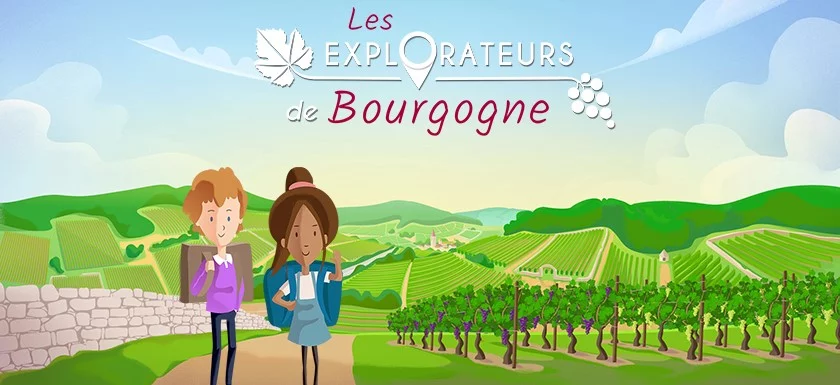 Les élèves de Bourgogne à la découverte des vignes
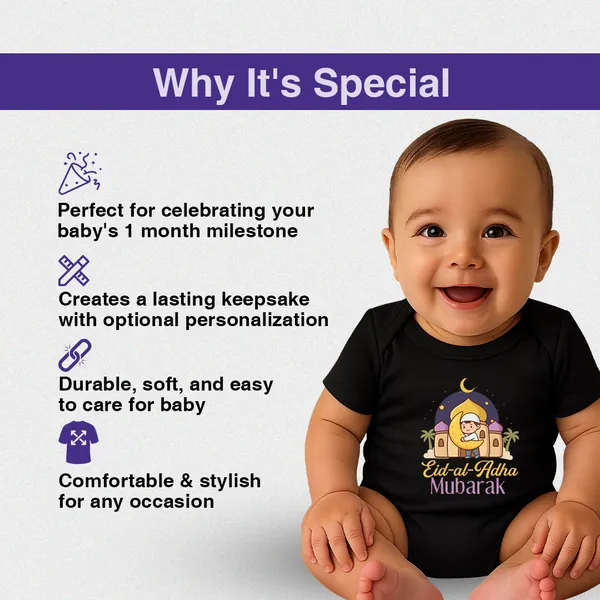 Black_Eid_Al_Adha_Mubarak_Printed_Baby_Onesie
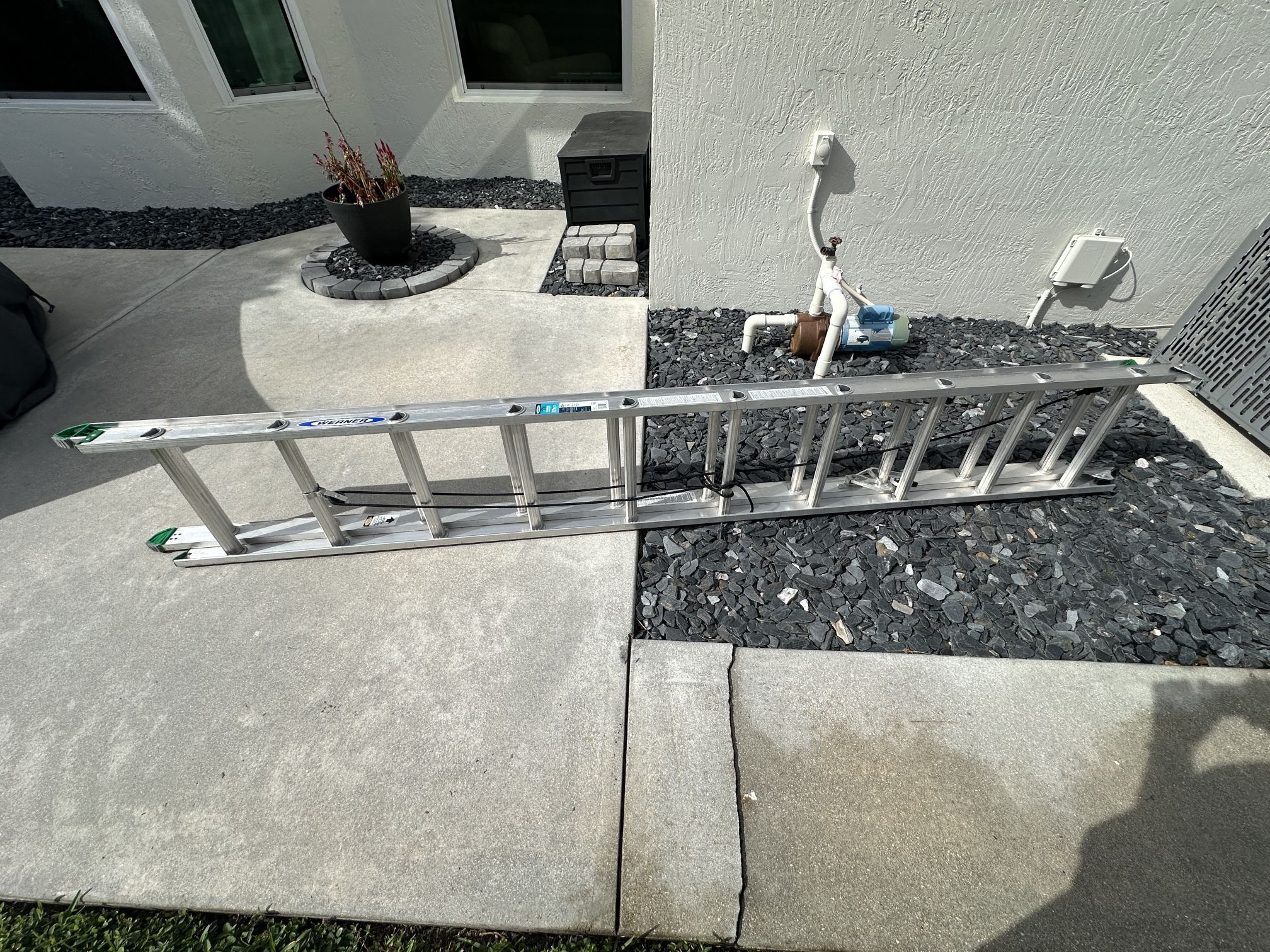 20 Ft. Extendable ladder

ASSIGNED TASK
Before writing out the material above, please remove its pictures; everything else stays exact.

TASK ANSWER
 Les élèves de Bourgogne à la découverte des vignes
 Black_Eid_Al_Adha_Mubarak_Printed_Baby_Onesie
 20 Ft. Extendable ladder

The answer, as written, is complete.